Good Harvest Monday everybody! We are having the remnants of a tropical storm passing through here today, so although it looks like October, it feels more like a muggy day in June. The rain is welcome though, since we've been bone dry for weeks. The harvest, which had slowed way down picked up a little today, not least because I was finally able to get into the garden in between raindrops and other activities.
 This is the view directly out my front door. We are quite surrounded by woods and as you can see, the autumn leaves are falling fast. We'll soon be raking them up for the compost piles.
 The garden is at the foot of our hill and looking rather raggedy, but the marigolds are huge and blooming profusely which gives it a cheerful look. I missed them last year when I dropped the ball and never got any of my little marigold seedlings planted out. This year they are really wonderful. And the harvest is still coming in. I hadn't checked my green beans in a week, because the plants looked so sad, but when I did today I ended up picking two more pounds of them. Many of them were a bit larger than I generally like, but they'll get eaten anyway. The big ones work well in soups.
 We're at the tail end of the tomatoes. Most of the plants are all but dead and I'm picking them off the vines more green than red, but they've been ripening well indoors. This morning I took several bags that had accumulated in the freezer to make into tomato sauce which were then canned. Although the plants were diseased early, and I'm far from where I want to be in the tomato production department, this year I canned as many stewed tomatoes as needed and had enough to make quite a few jars of sauce and even one batch of salsa. That's a first for me and I'm very pleased about it. If I sound unreasonable in my expectations you have to understand that I always plant between 45 and 50 tomato plants so what I harvest is really not much for the amount that are planted out. The problem has always been the limited sunlight and disease.
 Every time I think the Gold Marie Vining beans have to be about finished they hand me another pound of beans. This has happened several times in the past two weeks and I've been giving them away. The Chinese Red Noodles on the other hand really are at the end of their road and we will miss them. I also harvested the last of the Hakurei turnips, smallish because insects had skeletonized their foliage, and I pulled a few of the fall carrots to see if they were developing at all.
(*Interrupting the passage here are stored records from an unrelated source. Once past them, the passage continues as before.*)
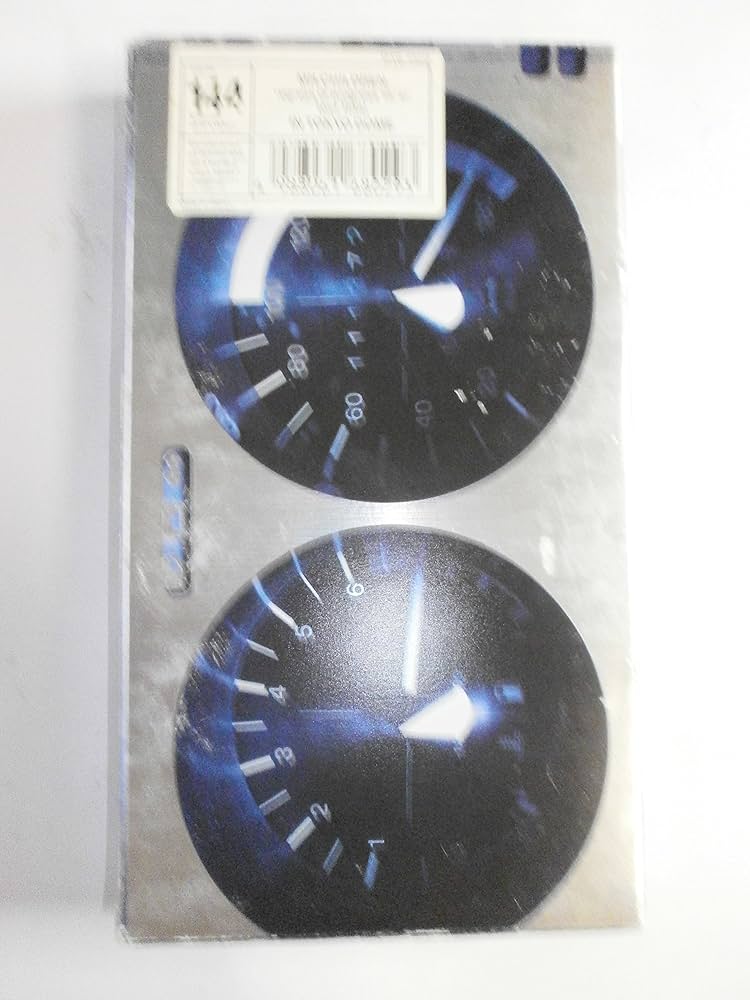 Amazon.co.jp: regress or progress '96-'97 tour final IN TOKYO DO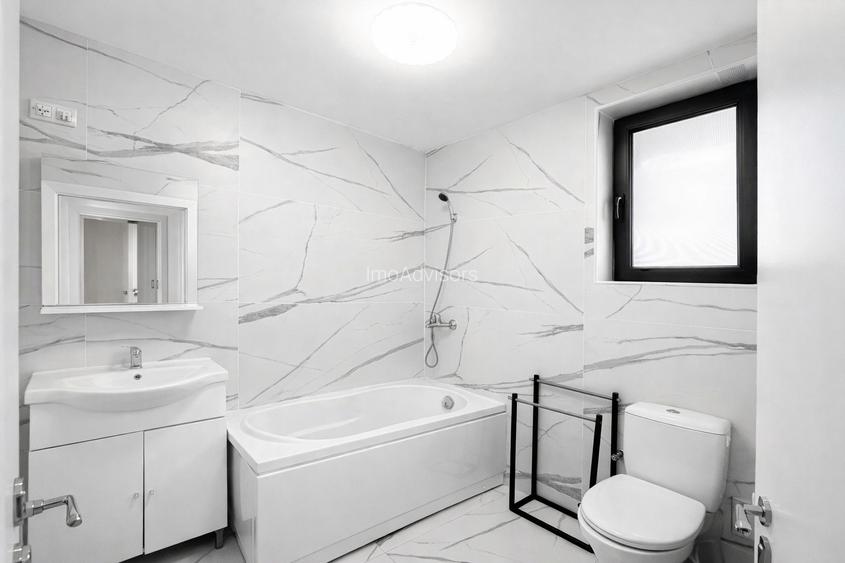 CASA 5 CAMERE Branesti - acces A2 - 11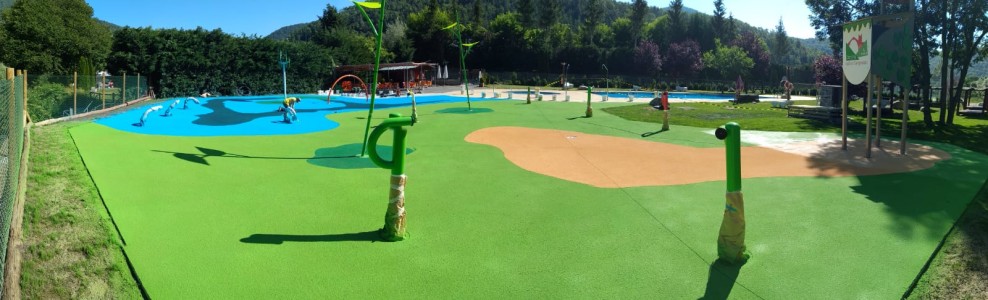 water park 02 1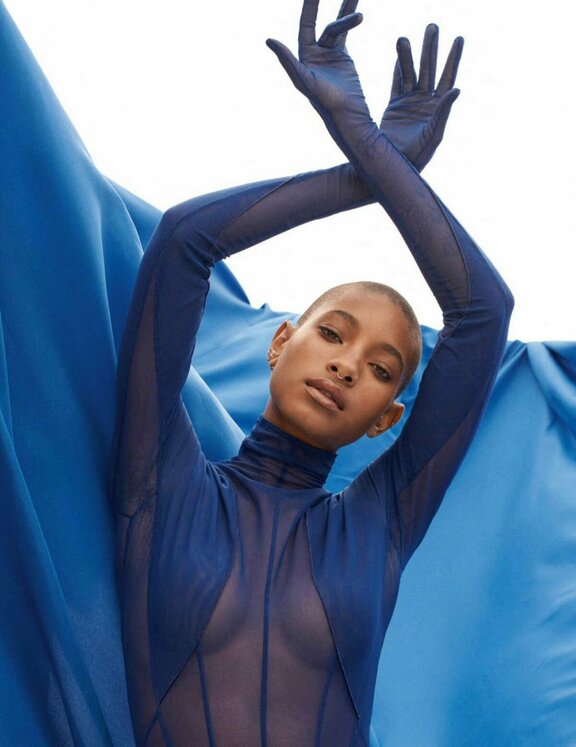 Anal jinsiy aloqada bolgan qizning porno videosi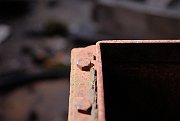 slides/070514_123_a.html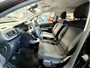 Citroën C3 1.2 Shine |Clima|Navi| Cruise|PDC|Carplay|Rijstr.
It seems that I may get some after all if the voles stay away from them, which is iffy.
There's no frost in sight for our area yet so there should be time for some nice harvests ahead. I have yet to have a really good fall garden. This year while I finally learned to get those fall brassicas planted at the right time, I failed to protect them from marauding insects. So the fall cabbages and broccolis look nice and large, but they've been ravaged, which is a real shame. I always seem to forget that the insects in fall can be and are even worse than the summer ones and I'm less on my toes about it then. Well, something learned again!
While it seems that many of my veggies underperformed this year, those that did well must have really done well, because I have harvested over 200 pounds more than last year's total which was tallied at the beginning of December. I hope that means I am becoming a better gardener. It certainly means that the soil is slowly but surely being improved and the bit more sunshine we're getting since D took some trees down has made a big difference. He plans to take some more down for next year which will be great.
Now to head on over to Daphne's Dandelions to check out all the great harvests everyone else out there is bringing in. I hope you gardening bloggers know what a great source of inspiration and instruction you are! I have learned so much from all of you!